Powell was travelling to New York today to discuss the crisis with UN Secretary-General Kofi Annan.
The United Nations was added to the core group of countries and organisations planning relief efforts. The others are the United States, Japan, India and Australia.
The US death toll rose to 14, with seven dead in Thailand and seven in Sri Lanka. State Department spokesman Richard Boucher said some 600 Americans who were listed as missing have been found, but several thousand had not been located four days after the disaster struck.
In Sri Lanka, Boucher said, Americans have been showing up at US consular offices wearing bathing suits, with no money and no clothes.
Responding to persistent criticism that US pledges have been slow to materialise and deliveries of aid not fast enough, Boucher ticked off a string of relief flights and declared: “Any implication we are not leading the way is wrong.”
Pledges of US assistance remained at $35m (€25.7m), although Powell said the figure is “just a beginning.”

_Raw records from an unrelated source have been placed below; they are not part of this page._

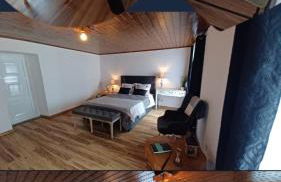 Stone House - Photo 3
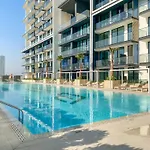 Vayk - Luxury 2 Bedrooms With Jacuzzi In Jvc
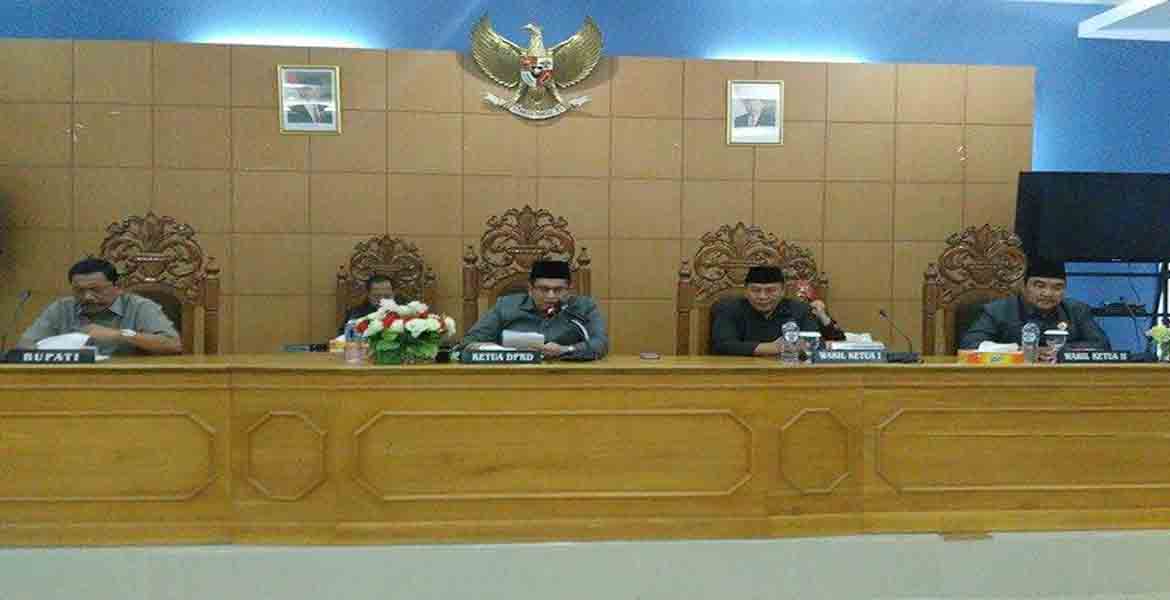 BNN Kota Bengkulu melakukan tes urine kepada seluruh PNS BPBD Kota Bengkulu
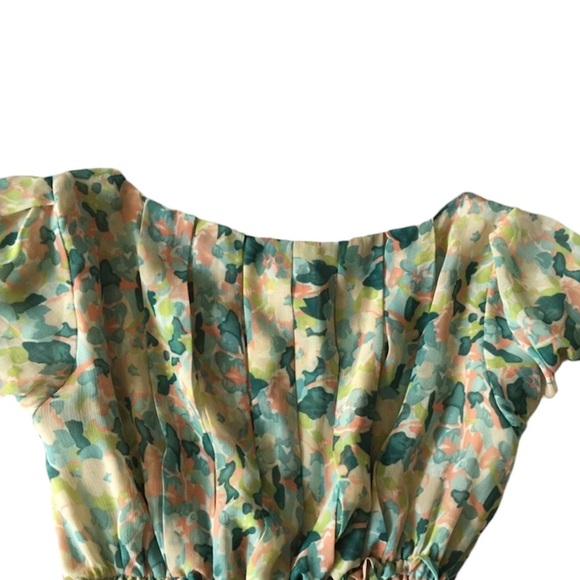 Studio M Short Puff Sleeve Floral Peplum Top Size Medium - Picture 6 of 9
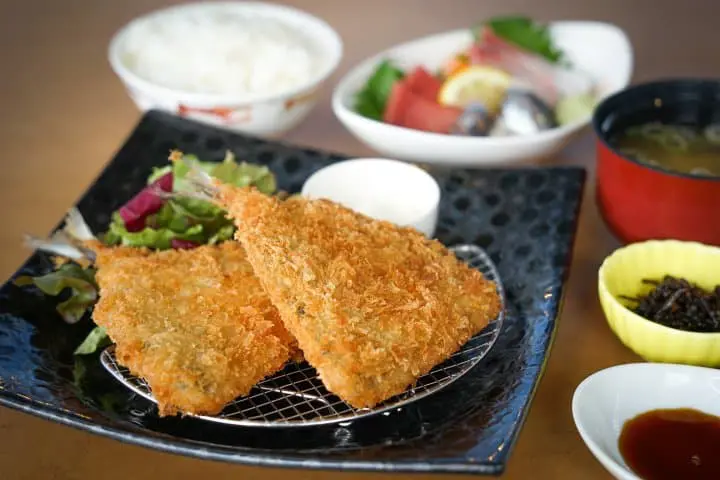 นั่งเรือเฟอร์รี่ ขึ้นเขาไปดูวิวแบบหวาดเสียวที่ผาส่องนรกในจังหวัดชิบะ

“It’s going to take a lot more,” Powell said. “This is the time to make sure that we get a good needs assessment.”
The Pentagon is also spending millions on relief, but that figure could not be calculated quickly. The relief included the arrival of four C-130 cargo planes in Thailand loaded with food, water and sheltering material, and a large supply of rice and other food and assistance was due to arrive in Indonesia today.
Several European countries far outdistanced the United States in pledges. They include Britain’s £50m (€70.6m) pledge.
And the World Bank announced it would make $250m (€183.4m) available as an initial contribution for emergency reconstruction. The amount is for the next six months.
With the global death toll rising above 117,000, European governments discussed holding an international donors conference on January 7.
Boucher said the United States would participate in any such gathering, but he did not give details.
Powell, visiting the Embassy of Thailand to extend condolences, vowed that the administration would follow through on promises of substantial financial assistance.
“You can be sure that the president is determined to do what is necessary to deal with this challenge,” he said. “We’re working very closely with the international community.”